On October 17, 2014, Marilynne Robinson and the staff of The Nation had a conversation about her work, including her new novel, Lila. What follows is an edited transcript of portions of the conversation. Listen to the full conversation here:
TN: While reading your new novel, Lila, the other novel of yours that I kept thinking of was not Gilead, its narrative predecessor, but your first novel, Housekeeping, because its two main female characters, Ruthie and Sylvie (Ruthie’s aunt), are drifters whose hardscrabble lives seem to anticipate those of Lila and her guardian, Doll. Were you having a conversation with yourself about Sylvie and Ruthie while you were writing Lila?

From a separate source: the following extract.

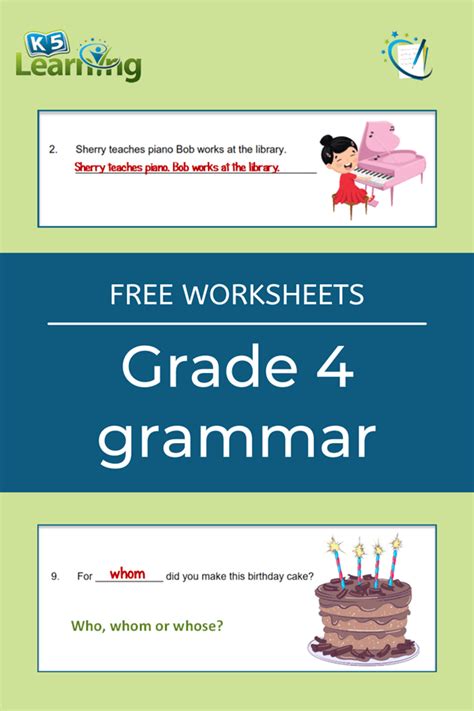Hundreds Of New Grade 4 Grammar Worksheets K5 4th Grade Grammar Activities - 4th Grade Grammar Activities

MR: I have found that when you write a novel, a character never actually leaves you from that point on. It’s clearly true that Sylvie and Doll are sisters, are associated in terms of what is important to me about both of them. I’m very much drawn to the idea of an absolute self, someone who eludes social definitions. One of the things that bothers me is seeing people dismissed or trivialized on the basis of their not fitting into a favorable category, socially and so on. It’s very important for me to assert the sovereign self. I consider Lila to be, in her way, as much a theologian as John Ames [Lila’s husband] is. She’s just a natural theologian, as they would say.
TN: All of your novels are set in a time that makes them remote from the present, yet without turning them into historical novels: they are contemporary novels that are not set in a contemporary climate. Does this choice have anything to do with the kind of language you want to use when you write fiction? The language in your novels seems at once untouched by time and the times, yet remarkably attentive to the workings of time and the destructive workings of history.
MR: I like dealing with people whose vocabulary and worldview is less media-saturated than ours is. I think that there is an acceleration of a kind of slang shorthand that is very characteristic of our period but not especially beautiful. It is meant to be ephemeral, in a way that when you’re using language that you would consider “hip”—or whatever the present word would be—you are using it in the knowledge that in a year or two years, you would be embarrassed to use the same word. I like to use language that doesn’t have all these little signifiers around it, that seems to me more classic, in the sense of being unrecognizable in terms of a particular decade.